# Platinum and Gold Refining



## marhaba01 (Sep 16, 2022)

Hello All,

We have a small refinery setup for gold and silver refining. 

We have received a batch of 10 kgs metal. The content is 4500 gms of platinum. 5000 gms is gold. 500 gms is silver. This is in bar form. We want to process it. Is there any specific process to be followed since it has a higher content of platinum? Which metal is likely to be recovered first? Gold or Platinum. We are aware of the aqua regia process in which both gold and silver are recovered. We are using the aqua regia process on a regular basis. However this batch has a higher content of platinum, hence the question. Any guidance/suggestion will help a lot. 

Thanks in advance.


----------



## orvi (Sep 16, 2022)

marhaba01 said:


> Hello All,
> 
> We have a small refinery setup for gold and silver refining.
> 
> ...


Dissolving 10kg ingot of AuPt in AR will took ages  I will re-melt the bar and pour shot from it, then proceed to digestion. Finer the better, best would be very thin cornflake or run the melt through atomizer.

Gold can be relatively selectively dropped apart from platinum using ferrous sulfate. SO2 is also relatively selective, but as I heard, it tend to drag more Pt with it. Any additional SMB or SO2 will reduce Pt(IV) in solution to Pt(II).

Bulk of the Pt, you can precipitate as chloroplatinate to get quite pure salt. Rest you will cement and re-refine  Altough I do not know what purity you are aiming for... If the bar is already just AuPtAg, majority of Ag will precipitate during dissolution/dilution stage of the ingot, so you will be left with essentially pure PtAu solution. And when you drop the gold, then practically only Pt remains in solution.

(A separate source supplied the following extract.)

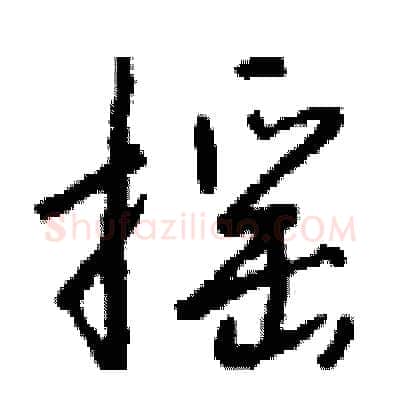 摇硬笔行书写法,摘自钱沛云硬笔书法字帖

So maybe candidate for formate or hydrazine reduction, as you obviate the necessity of creating the ammonium salt - which is problematic/tedious to incinerate in large quantities.


----------



## kadriver (Sep 23, 2022)

orvi said:


> Gold can be relatively selectively dropped apart from platinum using ferrous sulfate. SO2 is also relatively selective, but as I heard, it tend to drag more Pt with it. Any additional SMB or SO2 will reduce Pt(IV) in solution to Pt(II).


How about boiling oxalic acid to remove the gold and leave the platinum in solution?


----------



## orvi (Sep 25, 2022)

kadriver said:


> How about boiling oxalic acid to remove the gold and leave the platinum in solution?


I do not have experience with oxalic and PGMs. For me, SO2, formate or FeSO4 are sufficient, so I didn´t tried exploring further  But I think somebody certainly does.


----------



## zachy (Sep 26, 2022)

marhaba01 said:


> Hello All,
> 
> We have a small refinery setup for gold and silver refining.
> 
> ...


You must granulate all the bars so that this remains as an alloy powder. This is achieved using a granulator, which is nothing more than making a jet of water collide with the jet of molten metal in a container with a conical bottom, then you attack this powder. with aqua regia in a reactor, in this step the silver remains at the bottom as silver chloride, you filter it and trap all the silver chloride, make sure there is no excess nitric acid, evaporate the excess nitric acid or eliminate it with sulfamic acid, then you start by first precipitating the gold with metabisulfite, or ferrous sulfate, then you heat the mother liquor that contains platinum in solution until it boils with hydrochloric acid and add a little H2O2, THEN YOU COOL AND PRECIPITATE THE PLATINUM WITH AMMONIUM CHLORIDE . FILTERS AND YOU ALREADY HAVE THE THREE SEPARATE METALS.


----------